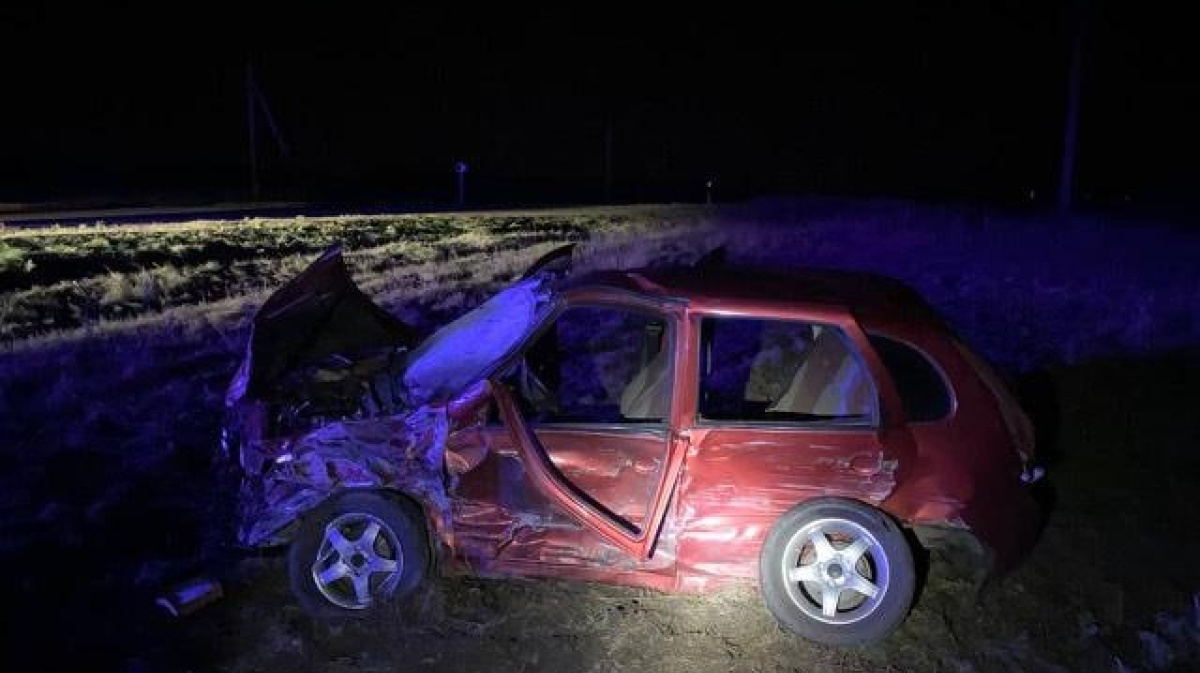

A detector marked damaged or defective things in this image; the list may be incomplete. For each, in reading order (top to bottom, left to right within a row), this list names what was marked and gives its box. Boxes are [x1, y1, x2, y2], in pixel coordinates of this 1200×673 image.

wrecked red car [223, 247, 1040, 644]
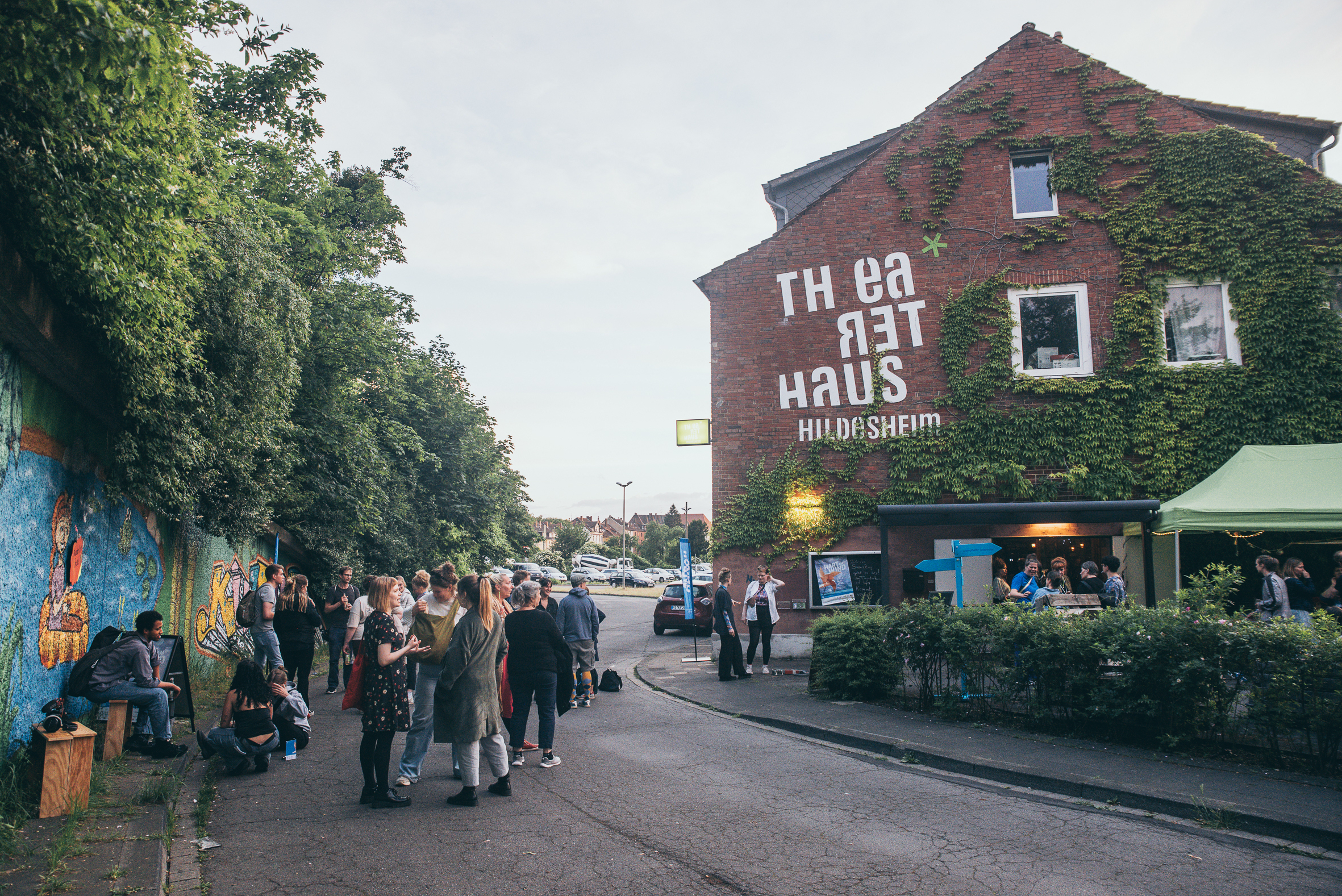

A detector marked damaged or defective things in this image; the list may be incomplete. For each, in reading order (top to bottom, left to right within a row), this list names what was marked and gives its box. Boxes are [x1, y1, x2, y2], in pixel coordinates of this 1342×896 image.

cracked pavement [204, 595, 1342, 895]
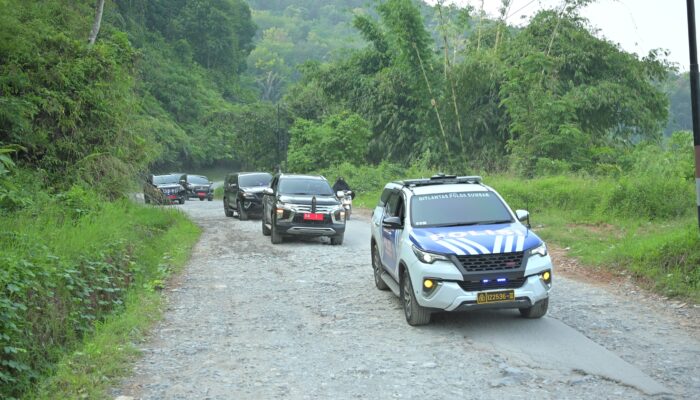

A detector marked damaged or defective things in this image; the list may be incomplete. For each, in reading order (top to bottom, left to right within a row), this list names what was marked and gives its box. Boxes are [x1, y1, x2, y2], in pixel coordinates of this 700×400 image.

damaged road surface [116, 202, 700, 398]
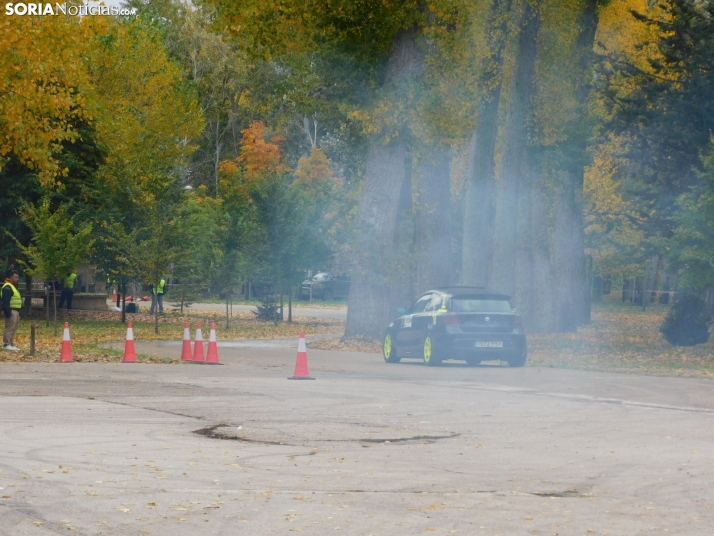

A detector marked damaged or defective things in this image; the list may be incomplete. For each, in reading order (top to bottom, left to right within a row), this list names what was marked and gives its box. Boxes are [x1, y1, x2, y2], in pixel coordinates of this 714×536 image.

pothole in asphalt [191, 426, 456, 446]
cracked asphalt [1, 342, 712, 532]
*****
> _ACTION ITEM_: The answer is the full listing above, repeated exactly, with its pictures removed.

> _TASK RESULT_:
A detector marked damaged or defective things in this image; the list may be incomplete. For each, in reading order (top to bottom, left to right within a row), this list names what was marked and gives its box. Boxes are [x1, y1, x2, y2], in pixel coordinates of this 1200×673 image.

wrecked red car [223, 247, 1040, 644]

A detector marked damaged or defective things in this image; the list may be incomplete. For each, in reading order (top to bottom, left to right within a row), this list names what was marked and gives its box. Boxes are [x1, y1, x2, y2], in pixel coordinates of this 1342×896 image.

cracked pavement [204, 595, 1342, 895]

A detector marked damaged or defective things in this image; the list may be incomplete. For each, in reading order (top to bottom, left to right within a row), this list names what was marked and gives its box. Boxes are [x1, y1, x2, y2], in pixel coordinates of this 700×400 image.

damaged road surface [116, 202, 700, 398]

A detector marked damaged or defective things in this image; the list may be incomplete. For each, in reading order (top to bottom, left to right within a row), this list names what was marked and gives its box. Boxes are [x1, y1, x2, y2], in pixel coordinates of this 714×536 image.

pothole in asphalt [191, 426, 456, 446]
cracked asphalt [1, 342, 712, 532]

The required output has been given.